== PROVIDED MATERIAL ==

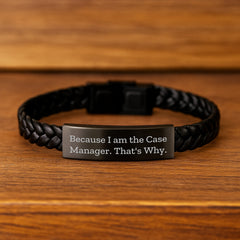Funny Case Manager Gifts from Family - Interlaced Leather Bracelet for Men Graduation Unique Gifts Because I Am The Case Manager. That's Why. - Image 2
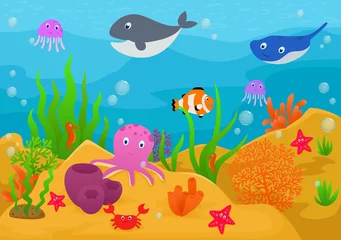 Printed kitchen splashbacks Sea life Sea life animal cartoon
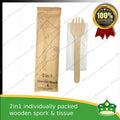 [50 sets] 2in1 wooden spork & table napkin paper wrapped set for easy on the go disposable cutleries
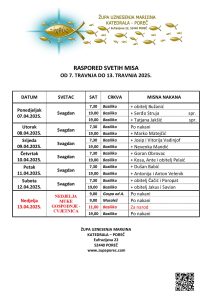 Raspored svetih misa od 7. do 13. travnja 2025.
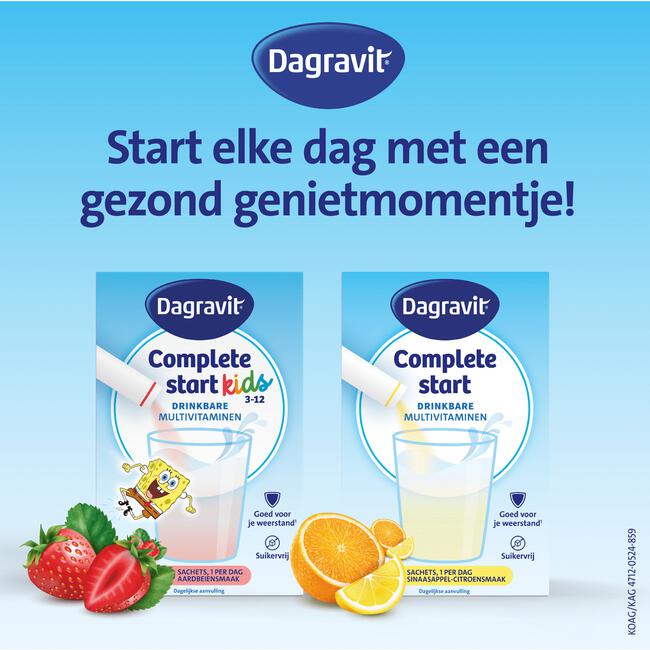 Dagravit Complete Start Kids Multivitamine Aardbei 30 stuks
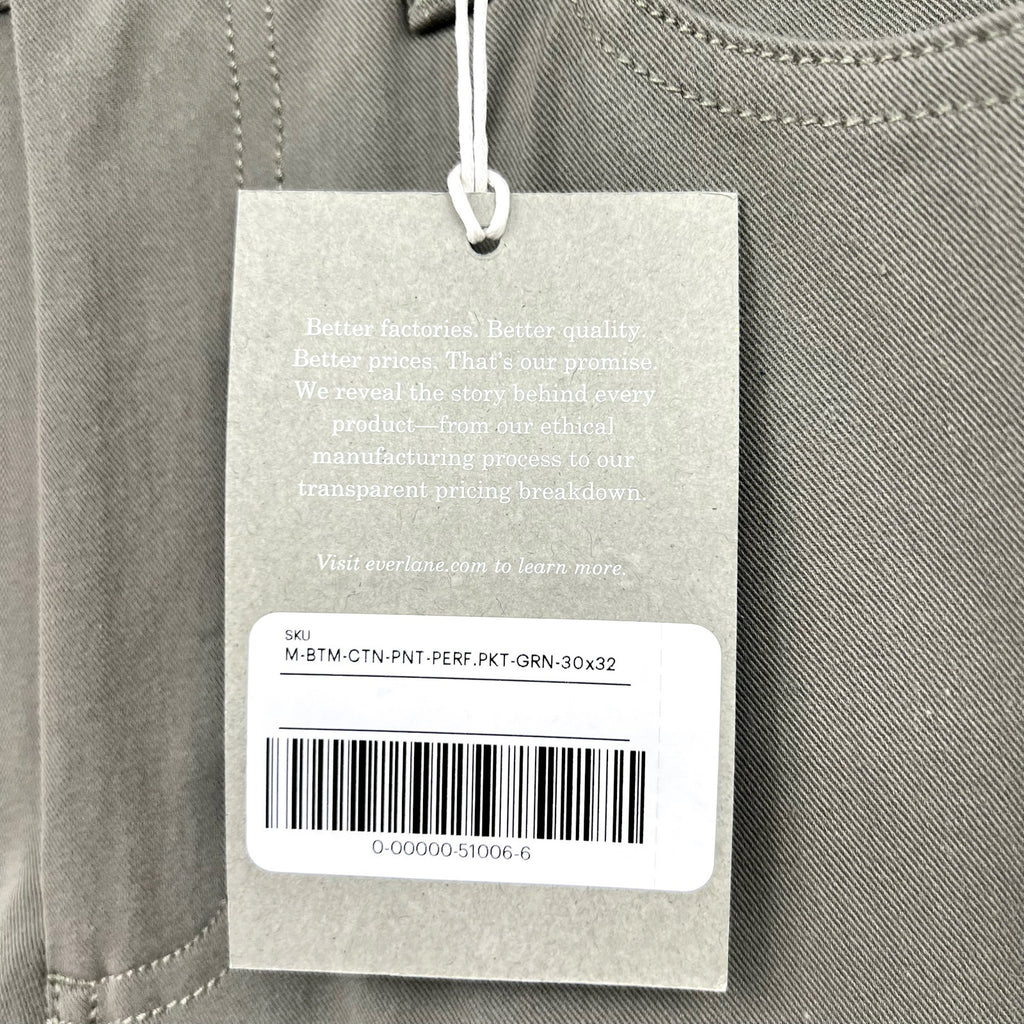 EVERLANE Men's The Stretch Twill 5-Pocket Pants 30x32 Green High Rise NWT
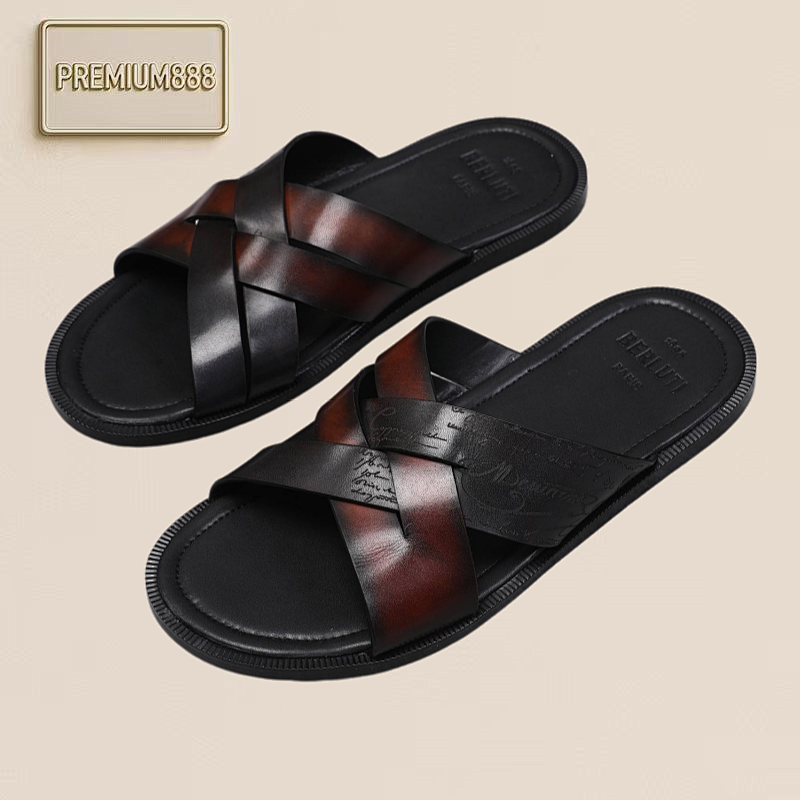 Arrival Spring And Autumn Series Italian-made Egio Insole Egio Script Leather Sandals The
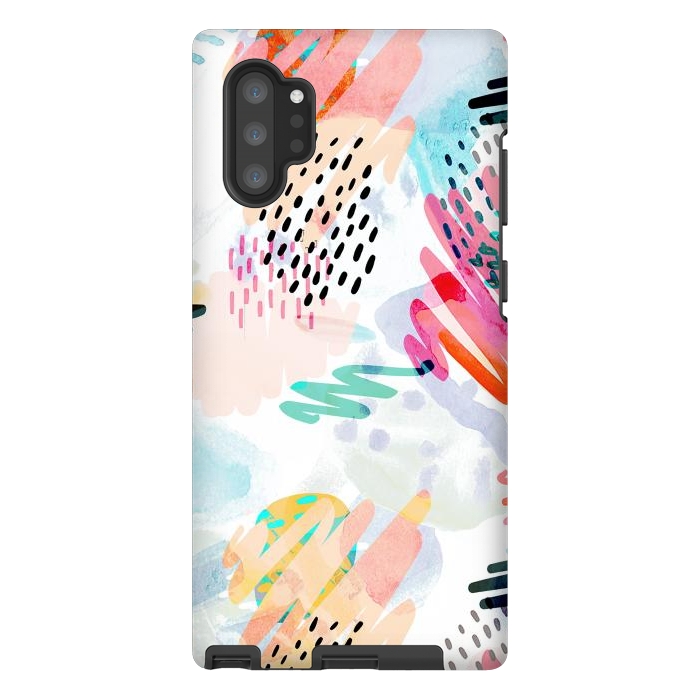 Galaxy Note 10 plus StrongFit Playful paint splats and brushed doodles by Oana 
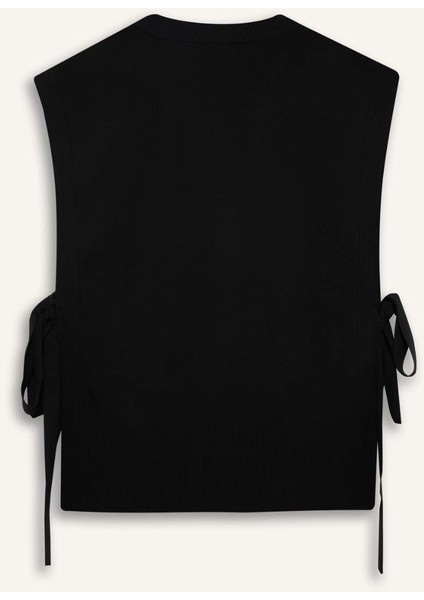 V Yaka Yandan Bağlamalı Triko Süveter F1100AX25AU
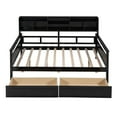 thumbnail image 3 of Modern Full Size Daybed with Bedside Shelves and 2 Storage Drawers, Wooden Full Storage Platform Bed Frame with 10 Slats for Boys Girls Teens Adults Guests, Espresso, 3 of 9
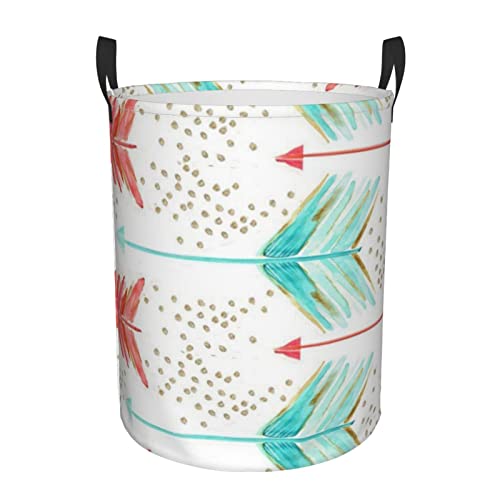 Coral And Teal Arrows Circular Laundry Hamper Print Hamper Freestanding Laundry Basket Collapsible Laundry Hamper 2 Sizes S/M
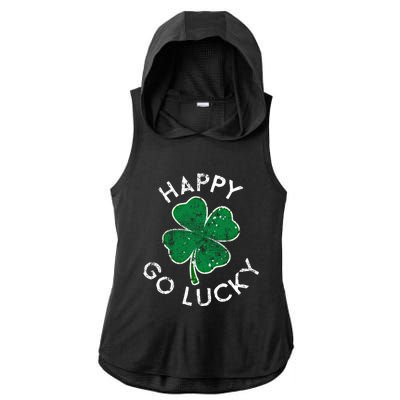 Happy Go Luck Lucky Clover St Patrick's Day Distress Great Gift Ladies PosiCharge Tri-Blend Wicking Draft Hoodie Tank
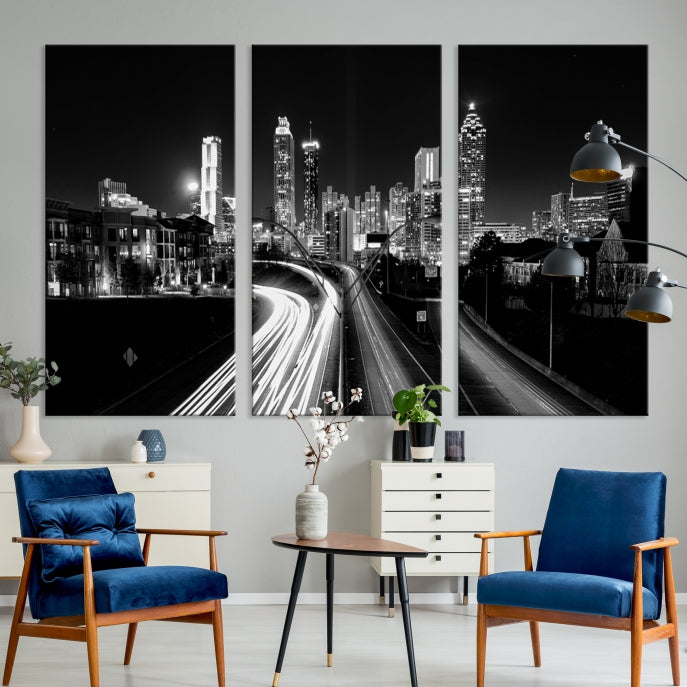 Atlanta Nght Skyline Traffic Lights View Cityscape Wall Art Large Canvas Print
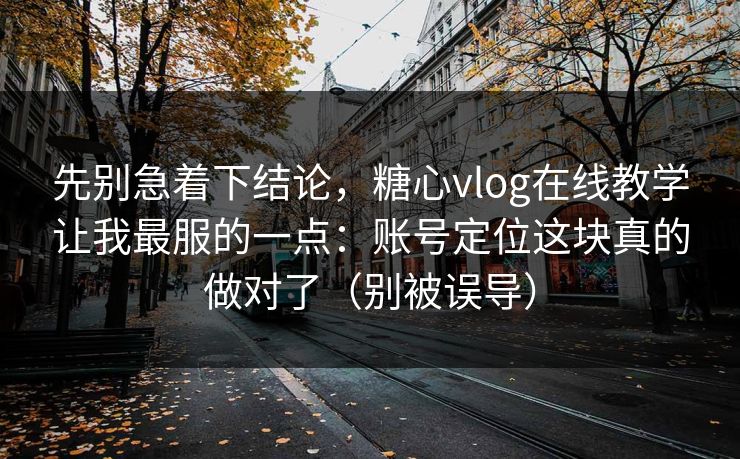 先别急着下结论，糖心vlog在线教学让我最服的一点：账号定位这块真的做对了（别被误导）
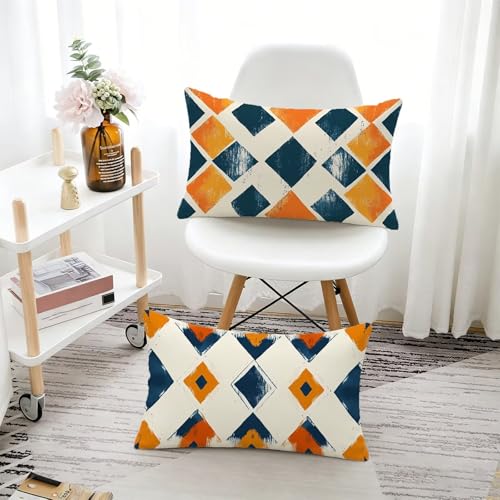 Housse de coussin extérieur imperméable 60x80 lin géométrique pour canapé lit - 3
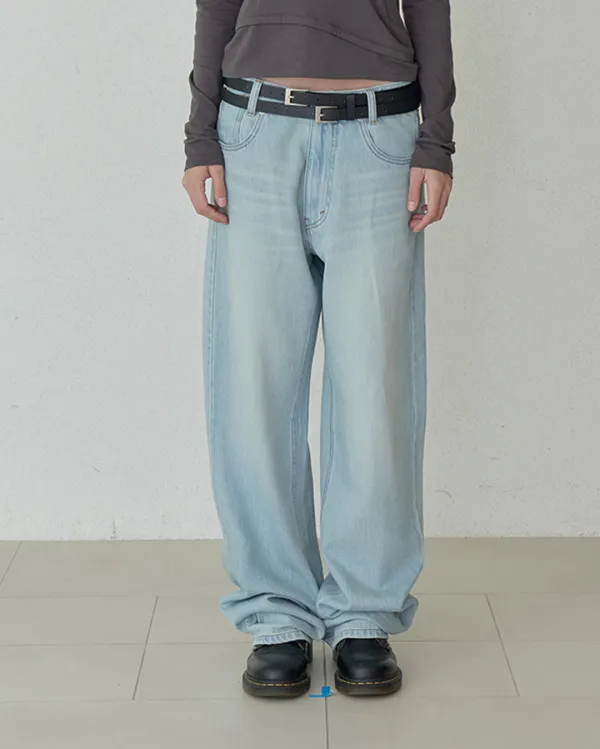 [ESSENTIAL] RELAXED SEMI BAGGY JEANS - ICE BLUE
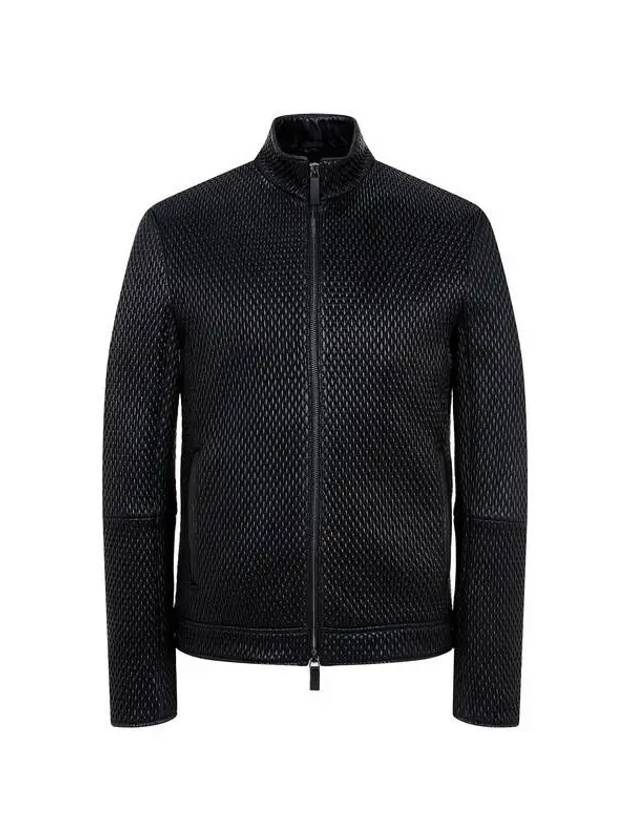 Men s textured embossed pattern leather jacket black 271267 - EMPORIO ARMANI - BALAAN 1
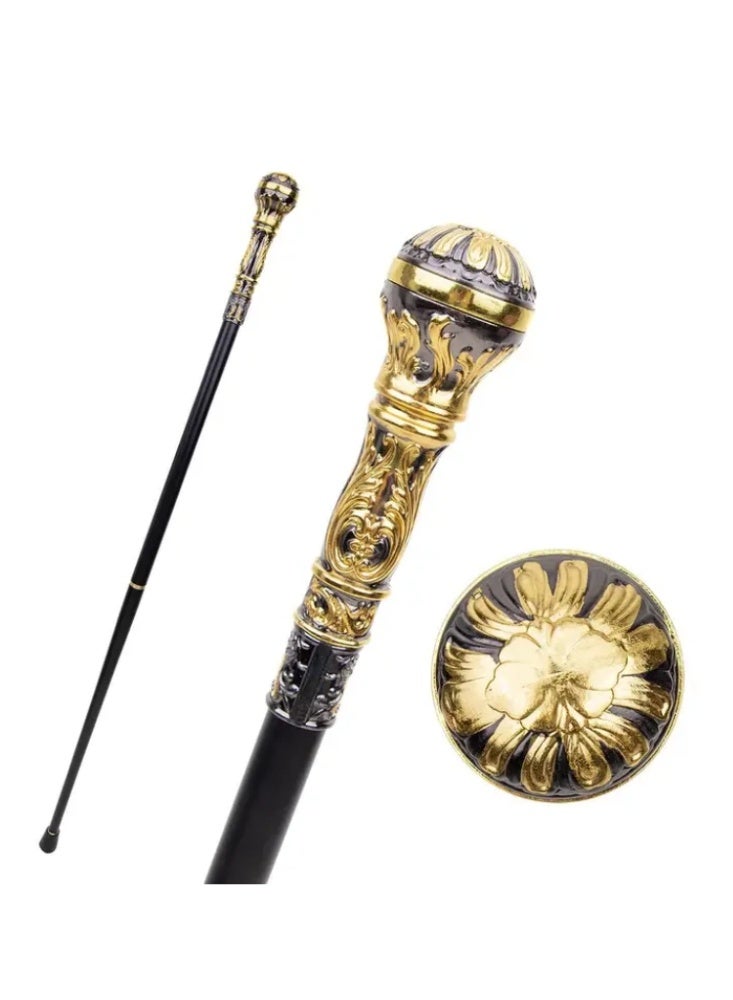 M MIAOYAN Black & Gold Alloy Gentleman Elderly Cane – Two-Section Detachable British Punk Style Halloween Party & Stage Prop Walking Stick - Image 1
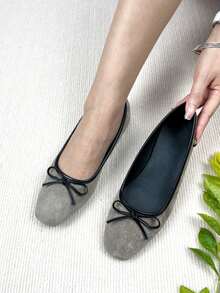 Scarpe da donna con punta quadrata, in materiale velluto con bordo a contrasto di colore, decorazione con fiocco, scarpe slip-on piatte adatte per tutte le stagioni, stile elegante francese semplice, moda retrò, ballerine leggere - albicocca - Visualizzare 1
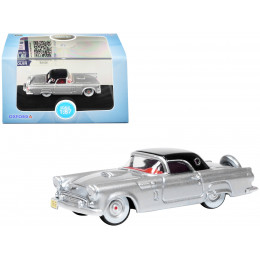 1956 Ford Thunderbird Gray Metallic with Raven Black Top 1/87 (HO) Scale Diecast Model Car by Oxford Diecast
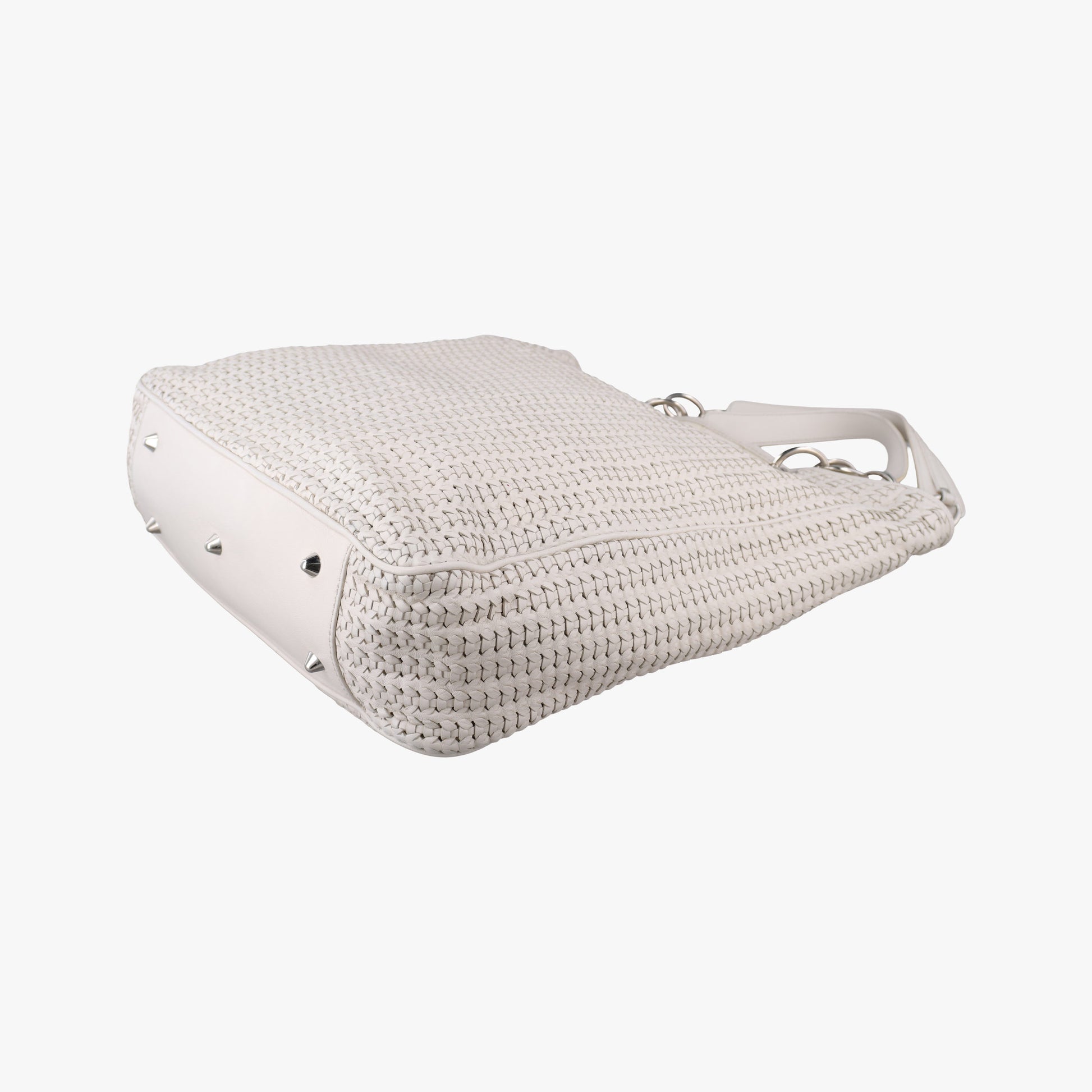 Soft Lady Dior Canage INTRECCIATO Tote White lambskin 96-MA-0098ソフト レディディオール カナージュ イントレチャート トート ホワイト ラムスキン 96-MA-0098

===

## WHAT YOU WILL DO
The reply should hold the entries above from the line with "Men s textured" to the line with "M MIAOYAN Black", duplicated exactly, pictures excluded.

## RESULT FOR THIS TASK
 Men s textured embossed pattern leather jacket black 271267 - EMPORIO ARMANI - BALAAN 1
 M MIAOYAN Black & Gold Alloy Gentleman Elderly Cane – Two-Section Detachable British Punk Style Halloween Party & Stage Prop Walking Stick - Image 1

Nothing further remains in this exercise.